To this end again no great revolution in human nature is needed, but only a development of a process which has already in the Co-operative Movement produced astonishing results. The War Savings Campaign has taught millions who never saved money before to save it in order to save their country when threatened by a foreign enemy. All that is needed is that this process should be continued to save the country from the internal enemy that sets class against class. We want a financial organization by which wage-earners’ savings, that now go into Government securities, can go into industry without having to face the risk that is attached to investments in any particular industry or company. This is a problem that financial ingenuity should surely be able to solve. The workers have already shown that they can become capitalists, but what is wanted is that more of them, and ultimately all of them, should be capitalists. Then, if the wealthy continue to perceive in a widening circle that it is not good for their younglings to bring them up to idleness, we shall begin to be within sight of a state of things in which every worker is a capitalist and every capitalist a worker.

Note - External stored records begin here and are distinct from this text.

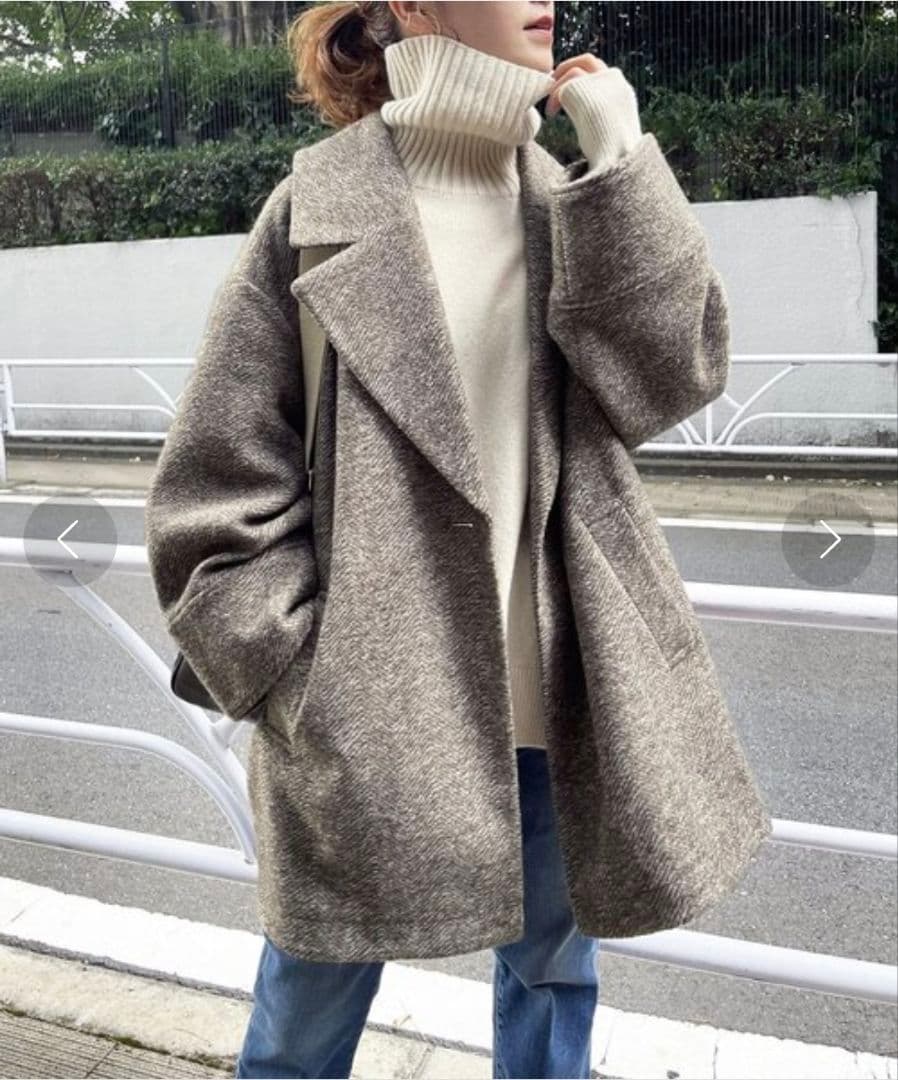 Spick and Span Wスライバーヘリンボーンミドルコート 38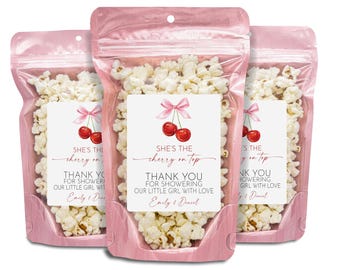 She's The Cherry On Top Baby Shower Party Favors, Cherry Baby Shower Favors, Cherry On Top Favors, Pink Bow Cherry,Coquette Cherry Bow Favor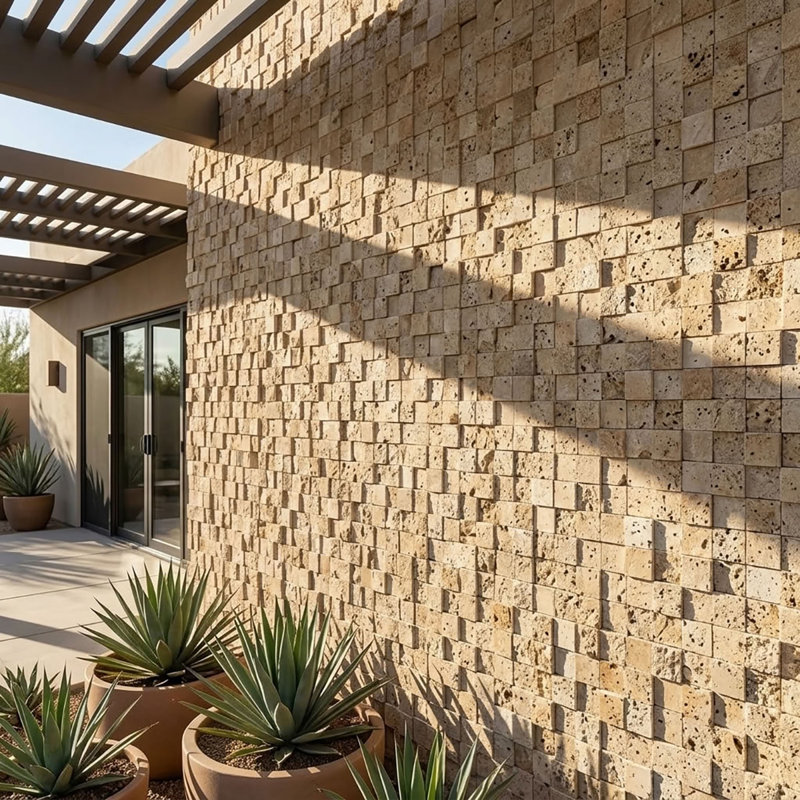 Yellow Splitface 1x1 Square Travertine Mosaic, Yellow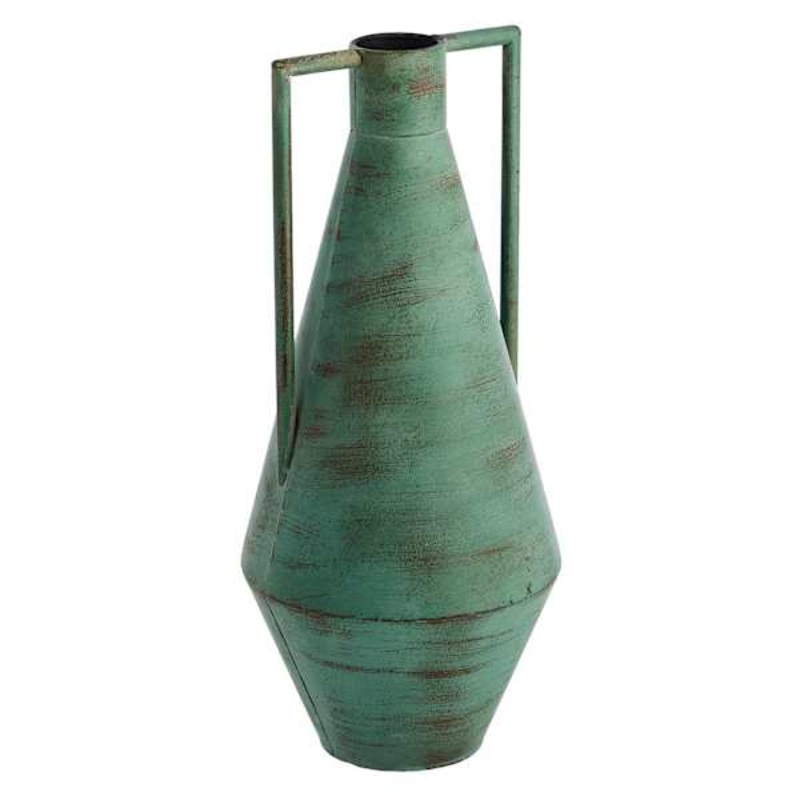 Tracey Boyd Blue & Green Vase with Handles, 15″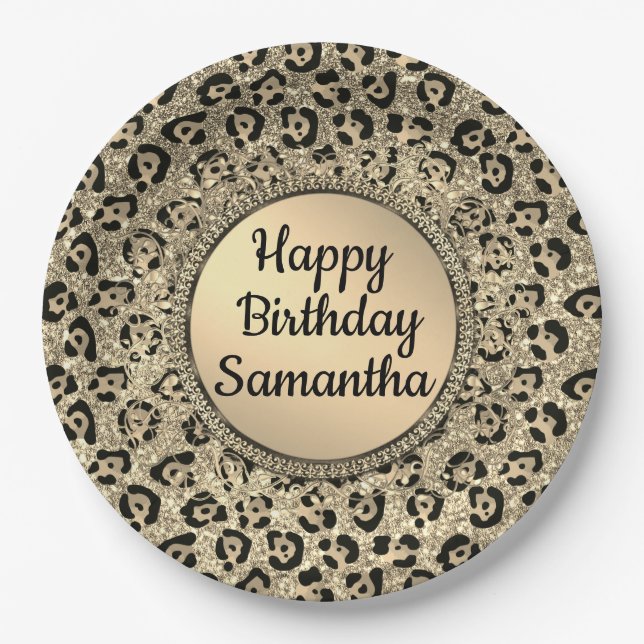 Glam Glitzer Leopard Druckplatte Pappteller (Vorderseite)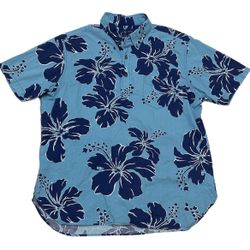 Ralph Lauren Hawaiian Shirt Men’s L Blue Floral Aloha Beach Casual Preppy RN41381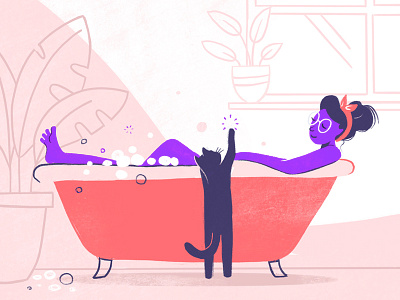 Bath bath bathing bathroom bubble bath bubbles cat cat kitten relax woman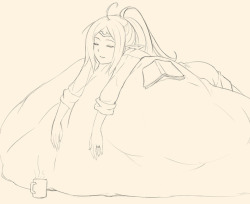 Nowi being comfy in a bean bag chair, for the WWD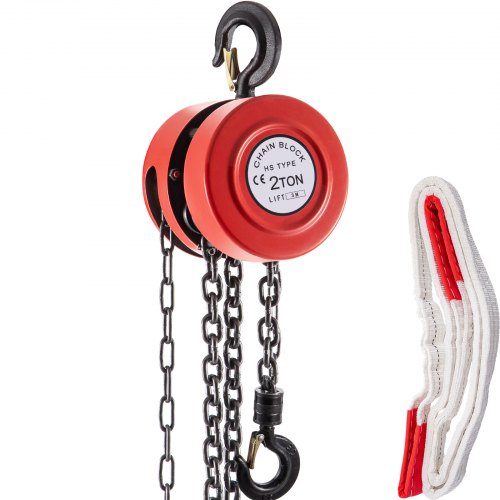 VEVOR Hand Chain Hoist, 6600 lbs /3 Ton Capacity Chain Block, 10ft/3m Lift Manual Hand Chain Block, Manual Hoist w/Industrial-Grade Steel Construction for Lifting Good in Transport & Workshop, Red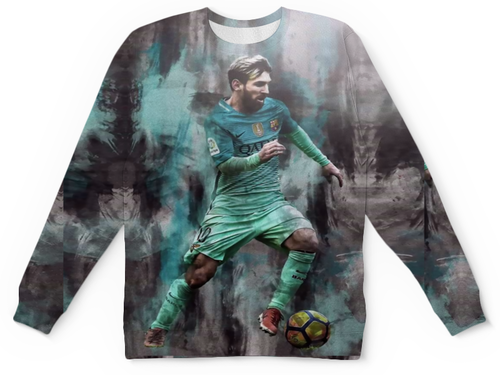 Заказать детские свитшоты в Москве. Детский свитшот с полной запечаткой Lionel  Messi (1) от T-shirt print  - готовые дизайны и нанесение принтов.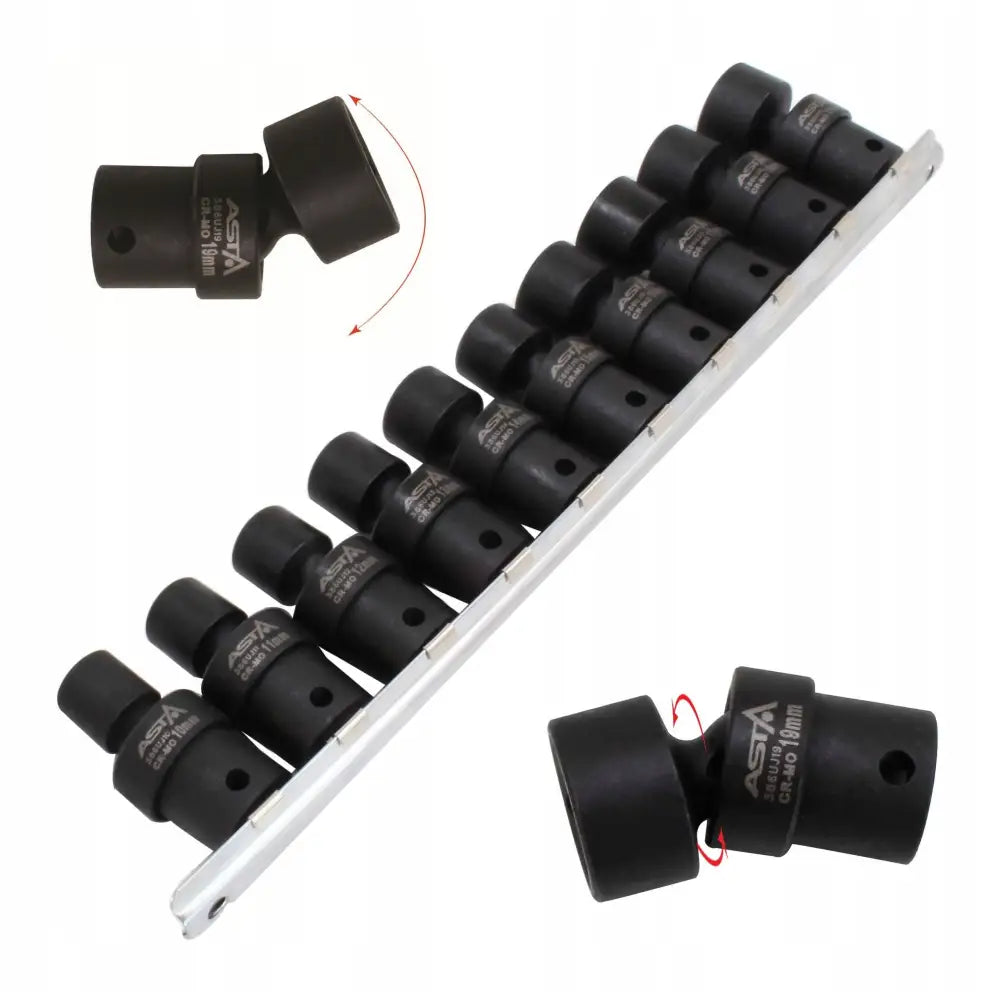 Slagfast universalleddsett 3/8, tre svarte leddadaptere på skinne med fokus på fleksibel ledd og rotasjon.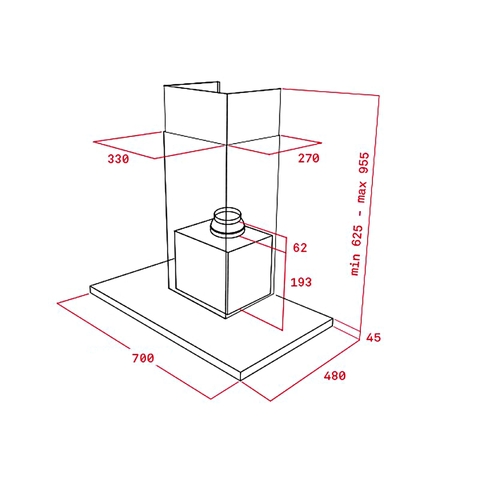 Máy Hút Mùi Áp Tường TEKA - DSJ950/750 40484832 | 40484831 - 430m³/h, Nút nhấn, 3 mức công suất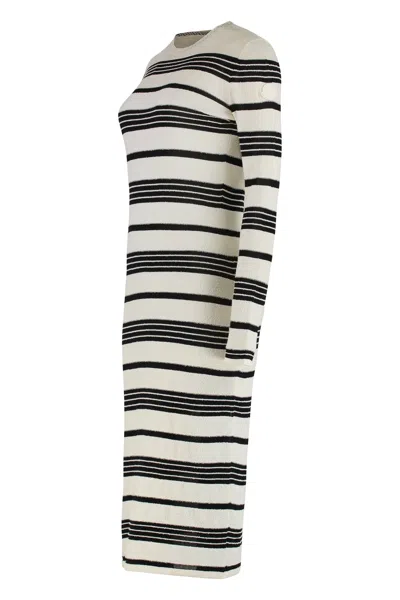 Moncler Stripe Long-sleeve Midi Dress In White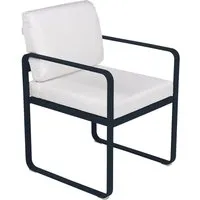 fermob fauteuil lounge bellevie - 92 bleu abysse - blanc grisé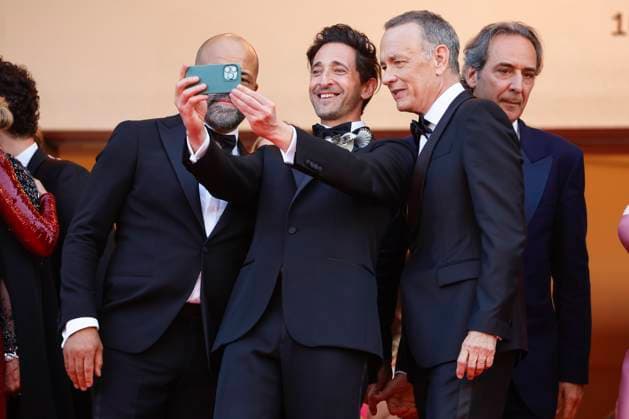 May 23, 2023: Jeffrey Wright, Adrien Brody and Tom Hanks attend the Asteroid City premiere during the 76th Cannes Film Festival at Palais des Festivals in Cannes, France, on 23 May 2023. Photo: - ZUMAm179 20230523_zep_m179_060 Copyright: xAlecxMichaelx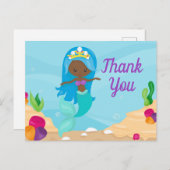 Zwarte Amerikaanse Zeemeermin Aangepaste Bedankt K Briefkaart (Voorkant / Achterkant)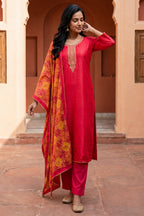 Rani Neck-Embroidered And Printed Silk Suit Set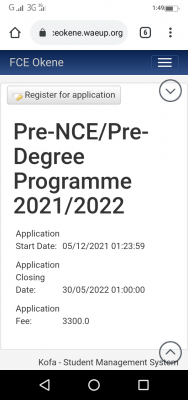 FCE, Okene Pre-NCE & Pre-Degree (Remedial) admission for 2021/2022 session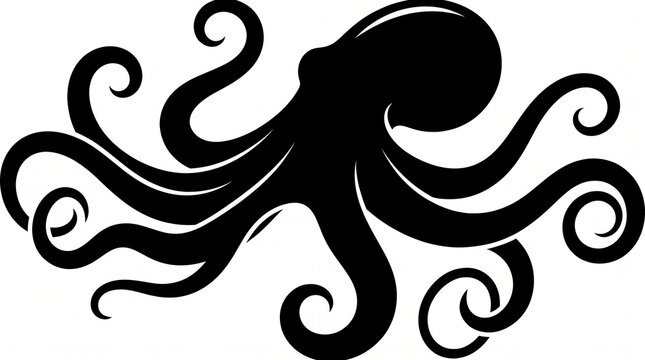 Black silhouette of an octopus with tentacles spread on white background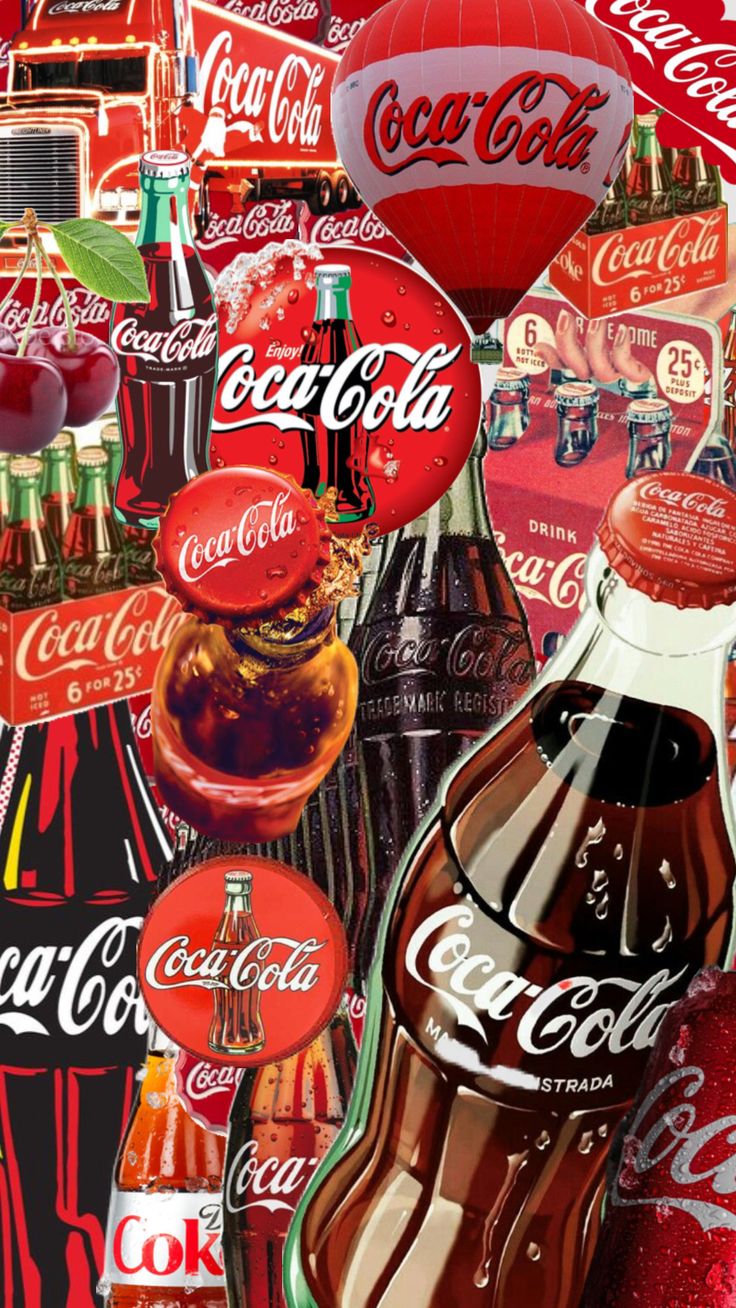 many coca - cola bottles are stacked together on top of each other in this collage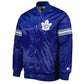 Front view of Toronto Maple Leafs NHL satin varsity jacket with embroidered team logo and snap-button closure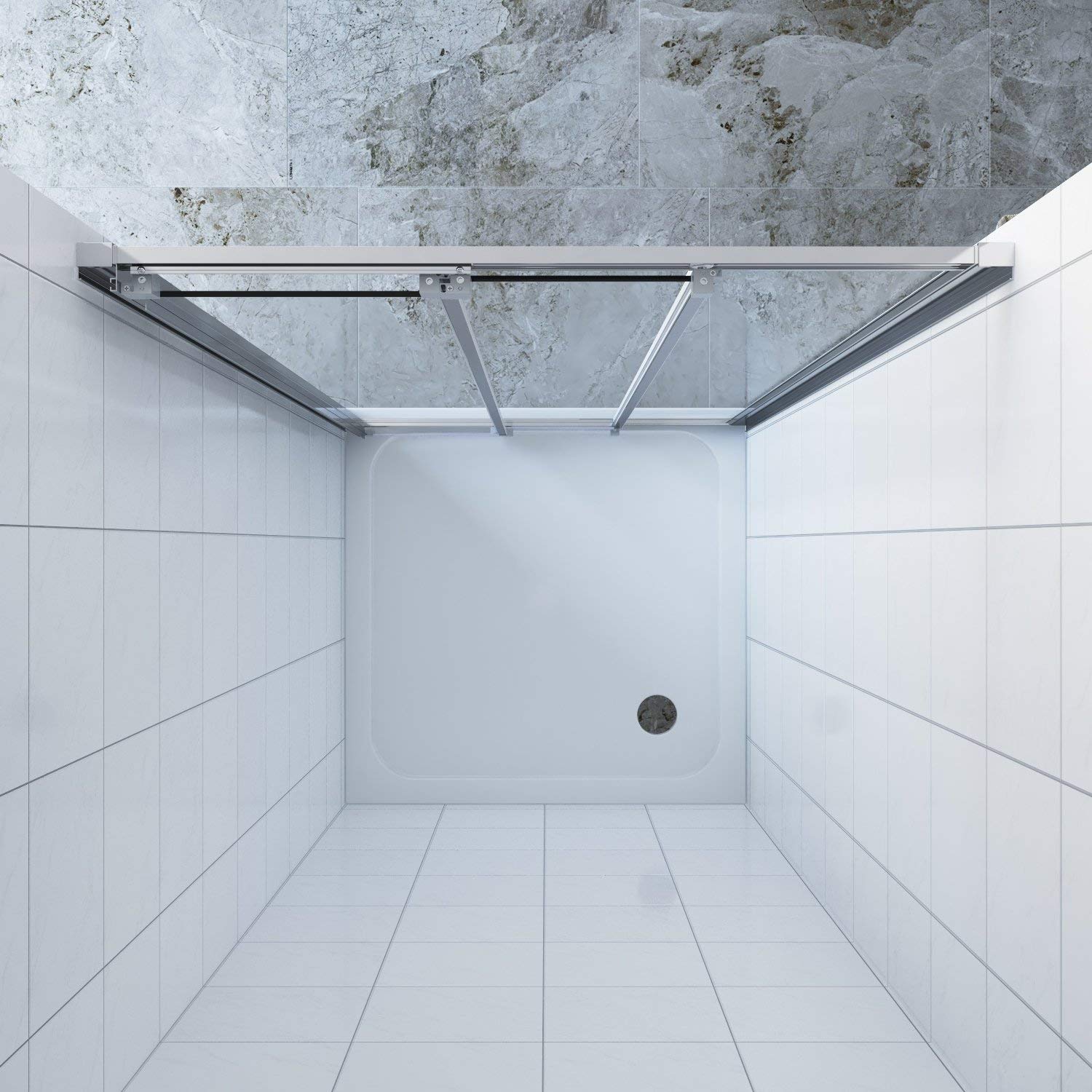 Duschwand Schiebetür Glas für Nische Gleittür 3 teilig Duschschiebetür 90cm Nischentür Dusche Höhe 195 cm aus 6 mm ESG-Sicherheitsglas Klarglas inkl. Nano-Beschichtung rechts-und links Montage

In the meantime improvements in education should give to all a better chance of material success in life, and open the chance of a career to all who have the necessary gifts of courage, honesty, initiative and readiness to take responsibility. Though, owing to the weaknesses of Capitalism, baser qualities too often earn big rewards, these are the gifts that most surely bring success under it, and they are also the qualities that make a great nation. With these qualities fully developed and given free play, we might produce a country in which all would be competing vigorously in order to supply the needs of the consumer, and, wealth being well distributed, great profits would only be earned by those who served the whole community best. Great profits when earned would be spent sparingly on personal enjoyment, lavishly on worthy public objects, or put back into industry, thereby quickening production and increasing the demand for labour, and material success would be the prize of energy, initiative and courage, wherever found, and so would stimulate the best powers of active, bold and enterprising men and women. Such a system is surely more attractive to those who love freedom than that of State Socialism under bureaucratic control, or Guild Socialism based on monopoly and a society grouped according to function. It would stimulate output to a degree that we can hardly now conceive, and having solved the problem of the supply and distribution of material goods would enable those who lived under it to address themselves to the task of building up a real civilization, and producing a world that should be not only rich, but also beautiful and noble, full of wise and beautiful and noble men and women, competing and co-operating for the common good.

THE END


[1] Page 114.

[2] This platitude I have worked out in detail in a book called Poverty and Waste.—H. W.